=== Begin Enclosure ===

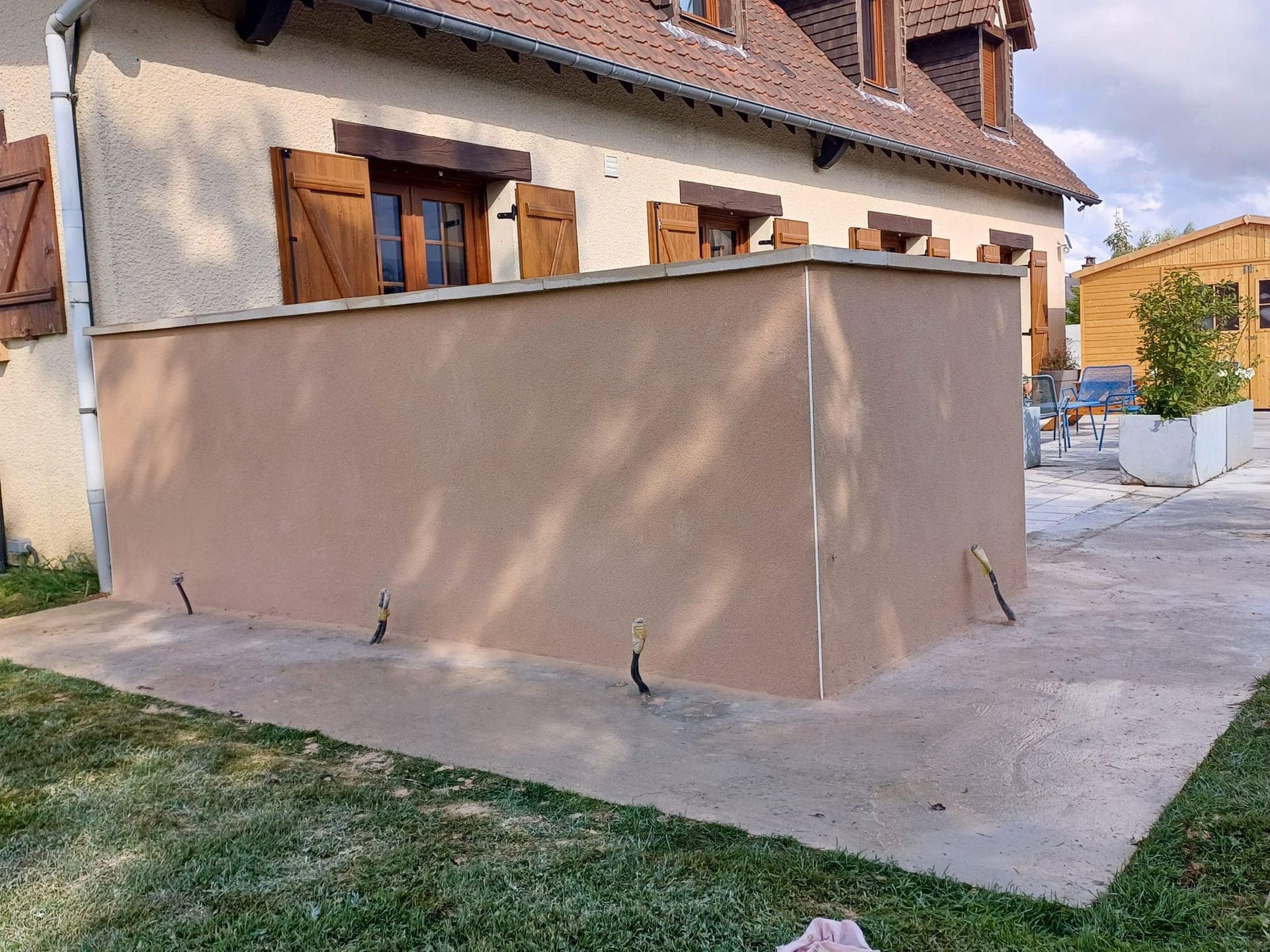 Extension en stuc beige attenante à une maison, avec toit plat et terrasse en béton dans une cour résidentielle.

=== End Enclosure ===
=== Begin Enclosure ===

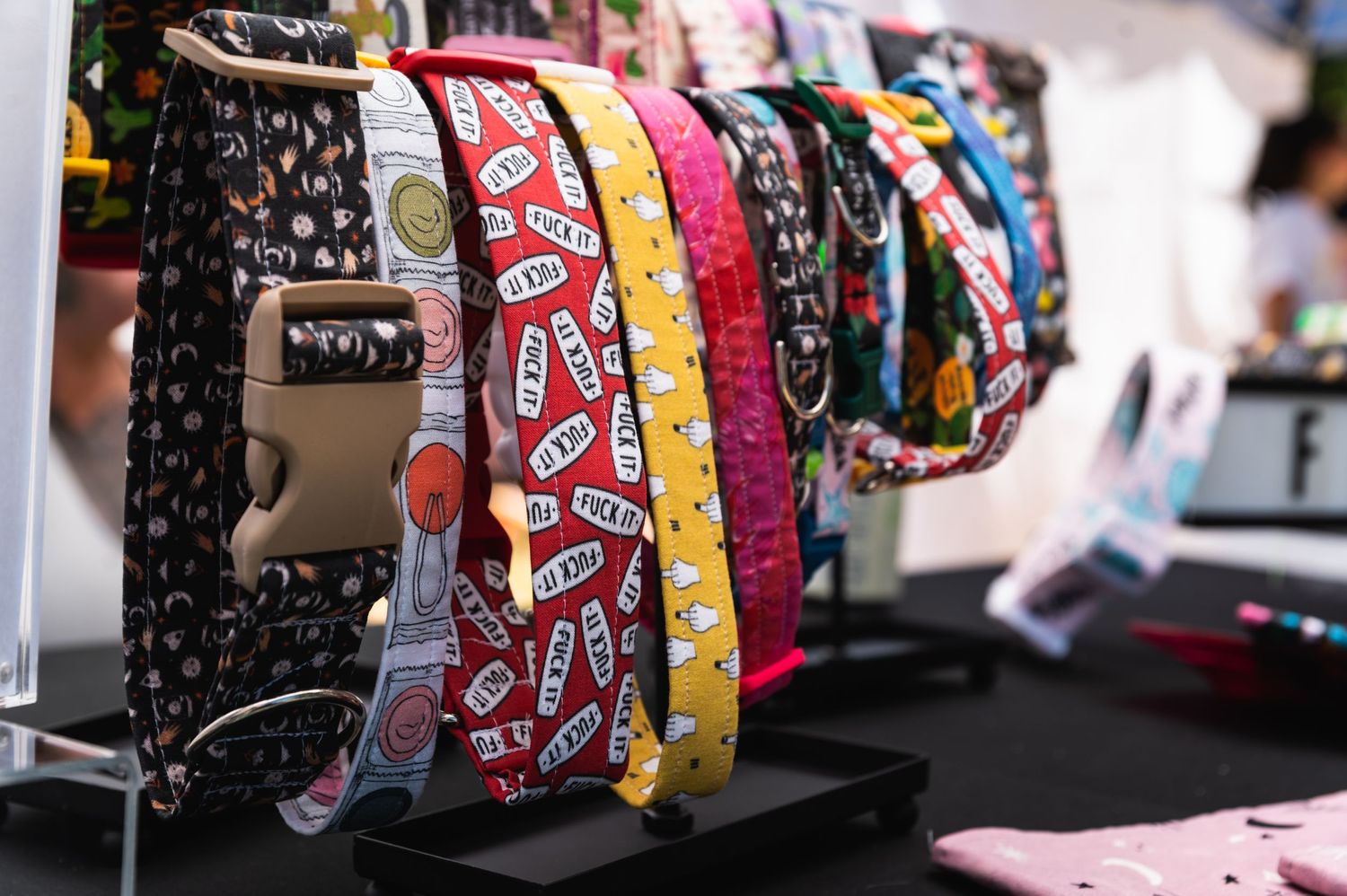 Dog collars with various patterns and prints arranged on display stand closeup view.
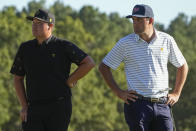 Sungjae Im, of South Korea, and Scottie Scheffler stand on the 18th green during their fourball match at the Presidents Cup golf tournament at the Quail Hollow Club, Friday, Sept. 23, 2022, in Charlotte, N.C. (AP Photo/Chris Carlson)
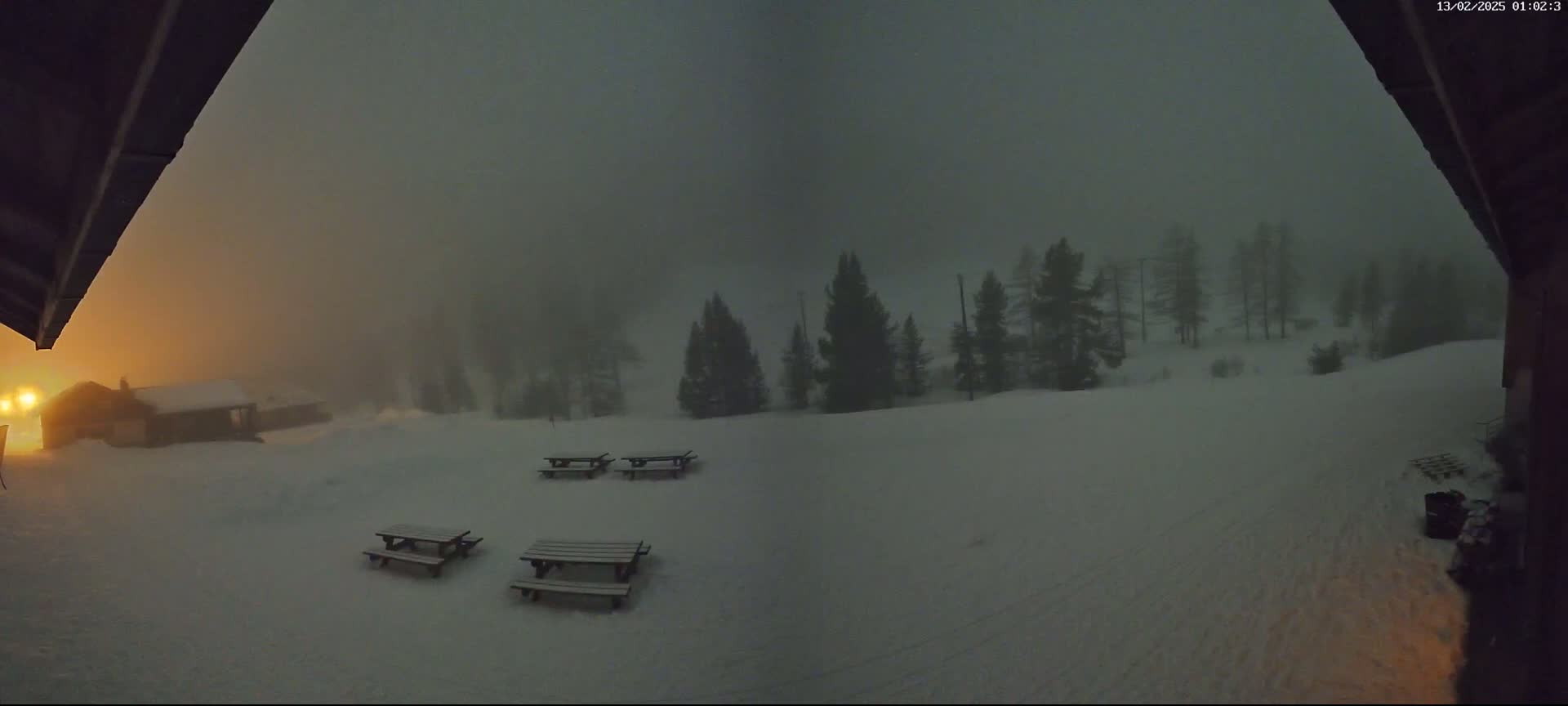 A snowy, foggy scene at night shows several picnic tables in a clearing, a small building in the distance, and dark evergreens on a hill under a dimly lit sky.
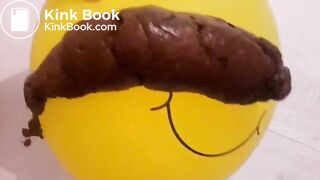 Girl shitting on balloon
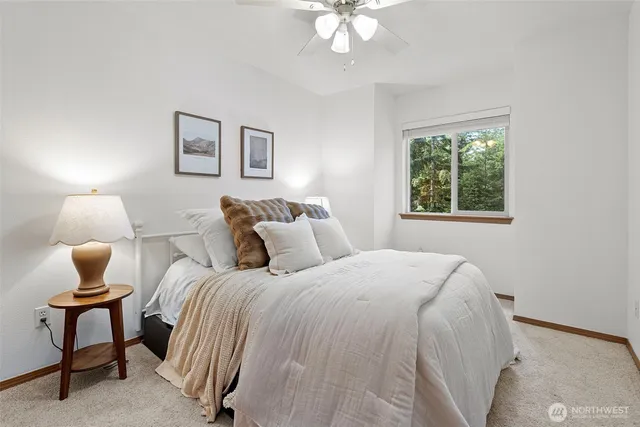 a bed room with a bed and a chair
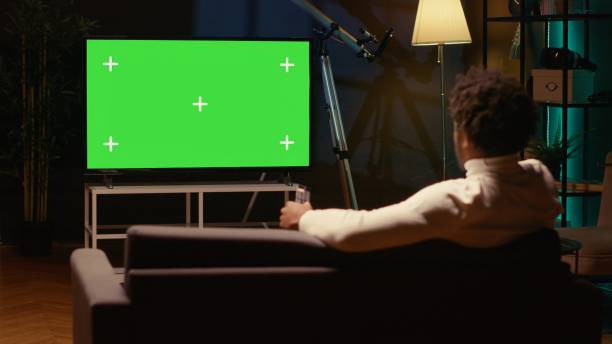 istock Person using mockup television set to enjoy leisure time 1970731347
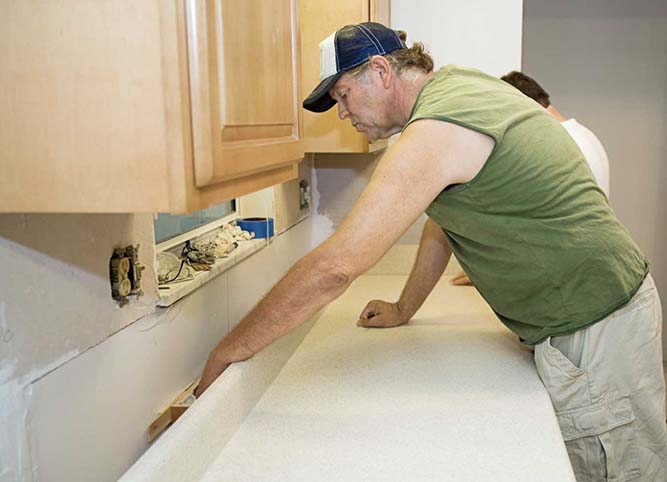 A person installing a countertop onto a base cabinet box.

=== End Enclosure ===
=== Begin Enclosure ===

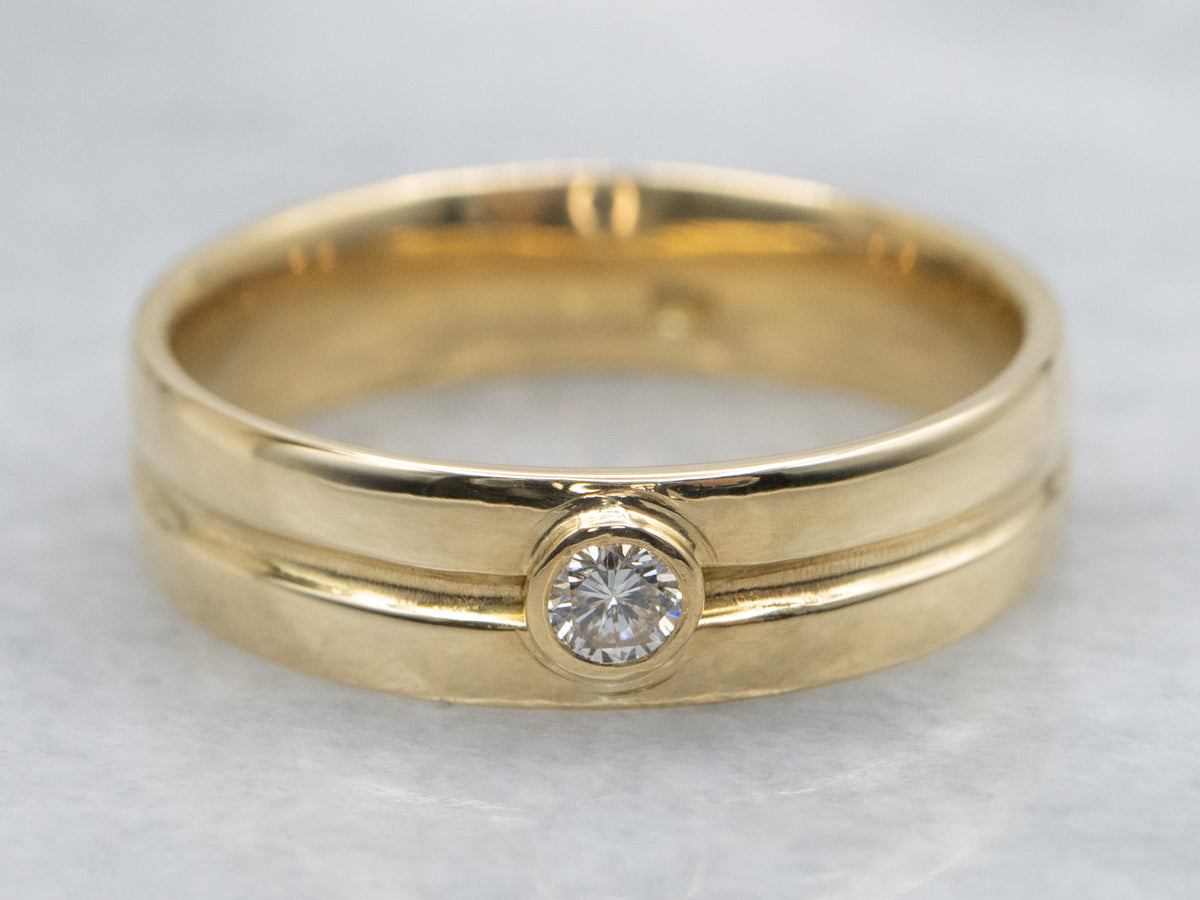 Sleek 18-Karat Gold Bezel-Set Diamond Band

=== End Enclosure ===

**Task description**
Return exactly the lines above, from the one with "a bed room with a bed and a chair" up to and including the one with "A person installing", and include no pictures.

**Exercise output**
 a bed room with a bed and a chair
 istock Person using mockup television set to enjoy leisure time 1970731347
 A person installing a countertop onto a base cabinet box.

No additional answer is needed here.